Focus: United States
The U.S. sets the pace for global consumption.
By Thomas Hayden
Photo: Costco checkout
Photograph by Jeff Zelevansky ⁄ Reuters ⁄ Corbis

For years, Americans have been criticized for their gluttony and waste as consumers, compared to citizens of other countries. Even the wealthiest nations of Europe and the Persian Gulf seem to use less of just about everything. More than a quarter of available food in the U.S. is simply squandered, for example.

But now, as many in the U.S. are struggling to bring their consumer excesses under control, much of the rest of the world appears to be joining in. Per capita consumption in China, India, Brazil, and the other homes of new wealth is still far below that in the United States—but it is growing fast. Increased wealth makes more consumption possible, while aggressive marketing of the consumer lifestyle speeds the global embrace of convenience, status, and luxury items.

Globalization has created unprecedented wealth and helped increase the middle class in many parts of the world, as human population continues to grow.
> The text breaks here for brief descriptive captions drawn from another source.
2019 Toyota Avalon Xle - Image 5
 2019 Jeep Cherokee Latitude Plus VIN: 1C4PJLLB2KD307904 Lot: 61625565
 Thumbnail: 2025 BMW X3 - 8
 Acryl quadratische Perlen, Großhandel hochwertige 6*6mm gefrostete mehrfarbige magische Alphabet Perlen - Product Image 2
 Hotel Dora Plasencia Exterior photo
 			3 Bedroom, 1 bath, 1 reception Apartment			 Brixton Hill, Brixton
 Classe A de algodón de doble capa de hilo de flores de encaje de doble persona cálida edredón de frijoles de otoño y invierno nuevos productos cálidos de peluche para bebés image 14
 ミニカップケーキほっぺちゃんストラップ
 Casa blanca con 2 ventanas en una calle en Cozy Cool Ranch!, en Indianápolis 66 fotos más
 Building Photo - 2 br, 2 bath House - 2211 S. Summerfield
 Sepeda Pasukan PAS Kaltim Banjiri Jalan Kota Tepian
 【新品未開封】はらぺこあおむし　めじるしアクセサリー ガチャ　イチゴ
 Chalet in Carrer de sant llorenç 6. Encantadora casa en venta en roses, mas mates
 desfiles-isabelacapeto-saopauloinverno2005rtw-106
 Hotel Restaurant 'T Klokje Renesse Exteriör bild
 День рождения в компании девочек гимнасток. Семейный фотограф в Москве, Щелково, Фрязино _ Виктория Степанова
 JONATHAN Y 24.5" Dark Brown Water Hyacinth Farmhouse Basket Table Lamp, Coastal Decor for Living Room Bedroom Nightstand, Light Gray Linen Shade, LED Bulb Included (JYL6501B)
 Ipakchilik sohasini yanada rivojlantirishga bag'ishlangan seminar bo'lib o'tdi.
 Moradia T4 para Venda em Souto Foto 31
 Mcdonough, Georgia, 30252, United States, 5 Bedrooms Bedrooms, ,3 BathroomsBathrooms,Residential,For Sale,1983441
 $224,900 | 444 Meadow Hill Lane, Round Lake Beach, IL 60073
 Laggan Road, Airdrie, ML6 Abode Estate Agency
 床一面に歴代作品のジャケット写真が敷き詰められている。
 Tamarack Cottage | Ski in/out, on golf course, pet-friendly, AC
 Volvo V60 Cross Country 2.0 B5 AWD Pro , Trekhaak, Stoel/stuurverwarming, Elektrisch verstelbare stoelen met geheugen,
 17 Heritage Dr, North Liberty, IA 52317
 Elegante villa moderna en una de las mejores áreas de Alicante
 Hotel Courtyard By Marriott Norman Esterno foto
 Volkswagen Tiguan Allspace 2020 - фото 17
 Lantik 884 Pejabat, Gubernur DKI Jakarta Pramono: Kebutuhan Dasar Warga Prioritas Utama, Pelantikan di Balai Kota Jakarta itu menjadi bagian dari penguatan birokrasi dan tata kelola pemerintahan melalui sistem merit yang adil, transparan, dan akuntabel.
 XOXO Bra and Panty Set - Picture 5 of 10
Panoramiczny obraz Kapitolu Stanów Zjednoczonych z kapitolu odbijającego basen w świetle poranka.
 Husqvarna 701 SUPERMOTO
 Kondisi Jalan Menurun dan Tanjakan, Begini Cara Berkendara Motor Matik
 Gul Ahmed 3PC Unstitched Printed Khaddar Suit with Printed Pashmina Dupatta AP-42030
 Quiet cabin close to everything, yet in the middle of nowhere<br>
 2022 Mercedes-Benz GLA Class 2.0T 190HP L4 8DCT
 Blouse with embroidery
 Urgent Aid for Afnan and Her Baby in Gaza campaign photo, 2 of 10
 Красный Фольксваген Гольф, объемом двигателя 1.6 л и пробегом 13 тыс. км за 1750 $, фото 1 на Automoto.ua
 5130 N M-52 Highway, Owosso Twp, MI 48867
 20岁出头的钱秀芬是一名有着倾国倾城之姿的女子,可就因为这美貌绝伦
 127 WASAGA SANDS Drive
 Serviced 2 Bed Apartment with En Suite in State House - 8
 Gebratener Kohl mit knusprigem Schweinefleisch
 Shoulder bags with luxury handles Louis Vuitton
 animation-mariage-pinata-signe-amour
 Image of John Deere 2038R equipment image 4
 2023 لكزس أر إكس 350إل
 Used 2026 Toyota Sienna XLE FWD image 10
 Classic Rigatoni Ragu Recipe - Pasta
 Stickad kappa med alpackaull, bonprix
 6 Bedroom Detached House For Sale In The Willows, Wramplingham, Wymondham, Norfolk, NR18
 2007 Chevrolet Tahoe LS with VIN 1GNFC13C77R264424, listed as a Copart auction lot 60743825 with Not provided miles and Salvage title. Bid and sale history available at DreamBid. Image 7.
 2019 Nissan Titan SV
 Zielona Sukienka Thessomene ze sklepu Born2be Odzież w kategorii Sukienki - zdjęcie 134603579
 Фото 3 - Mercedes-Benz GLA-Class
But the basic equation, that more people with more money will use more resources and have a greater impact on the environment, does not always hold. When it comes to consumption, not all people are created equal. How much we use depends not only on how much we have, but also where we live, and how. According to one estimate, if everyone on the planet lived as the typical American does, we would need the equivalent of 5.4 Earths to supply our needs. By contrast, if we all lived like the typical Indian, we would consume less than half of the planet's resources. Put another way, each American consumes as much as 32 Kenyans do. The conclusion is obvious: We can probably make room for 9 billion people on the planet—we will soon have to. But it is very unlikely that we'll be able to accommodate 9 billion consumers on the American scale.

Greater wealth can, and does, bring increased access to good nutrition and health care, education, and other opportunities. But as a new generation of middle class consumers arises, we will come up against real limits on what the Earth can provide. For all of us, that means finding ways to use less, recycle more, and ultimately to learn to value sustainability over convenience.